Spanien soll Katalanen mit Pegasus-Software ausgespäht haben
DW
Nach Ungarn und Polen bringt ein Bericht ein weiteres EU-Land in Erklärungsnot: Auch Spaniens Regierung soll die Spionagesoftware Pegasus eingesetzt haben - gegen Anführer der katalanischen Unabhängigkeitsbewegung.
Spanische Behörden sollen dutzende Anführer der katalanischen Unabhängigkeitsbewegung ausspioniert haben. Mobiltelefone von mindestens 65 Personen sollen mit der Software Pegasus infiltriert worden sein, berichteten das US-Magazin "The New Yorker" und die spanische Zeitung "El País" unter Berufung auf einen Bericht der im kanadischen Toronto ansässigen Forschungsgruppe Citizen Lab.
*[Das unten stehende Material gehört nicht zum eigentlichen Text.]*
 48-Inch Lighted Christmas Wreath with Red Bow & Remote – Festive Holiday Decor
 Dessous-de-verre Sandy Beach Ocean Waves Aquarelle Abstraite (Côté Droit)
Zu den Spionage-Opfern zählen demnach etwa der heutige katalanische Regionalpräsident Pere Aragonès, die früheren Regionalpräsidenten Quim Torra und Artur Mas, Mitglieder des katalanischen Parlaments und des Europaparlaments sowie Vertreter der katalanischen Zivilgesellschaft. Ihre Telefone sollen in den Jahren 2017 bis 2020 mit der in Israel entwickelten Spionage-Software gehackt worden sein. Dies ist in Spanien illegal.
Die Regierung in Madrid wies die Anschuldigungen zurück. Spanien sei ein Rechtsstaat, "in dem wir nicht spionieren, keine Gespräche abhören und keine Abhörmaßnahmen vornehmen, es sei denn, dies geschieht im Rahmen der Gesetze", sagte Regierungssprecherin Isabel Rodríguez. Die spanische Regierung werde bei der Untersuchung der Vorwürfe "so weit wie möglich" kooperieren.
Der frühere katalanische Regionalpräsident Carles Puigdemont forderte am Montag in Brüssel juristische Schritte gegen die Verantwortlichen. "In einem demokratischen Europa darf kein Raum für Spionage sein", betonte er mit Blick auf ähnliche Berichte aus Deutschland und anderen EU-Ländern. Ein Untersuchungsausschuss des Europaparlaments will die Vorfälle beleuchten. "Politiker, Anwälte und Aktivisten sind alle Opfer von Spaniens schmutzigem Krieg", schrieb Puigdemont im Onlinedienst Twitter.
Puigdemont selbst war demnach nicht im Visier. Er war nach dem 2017 gescheiterten Versuch der Abspaltung der Region Katalonien von Spanien nach Belgien ins Exil gegangen, um der Strafverfolgung in Spanien zu entgehen.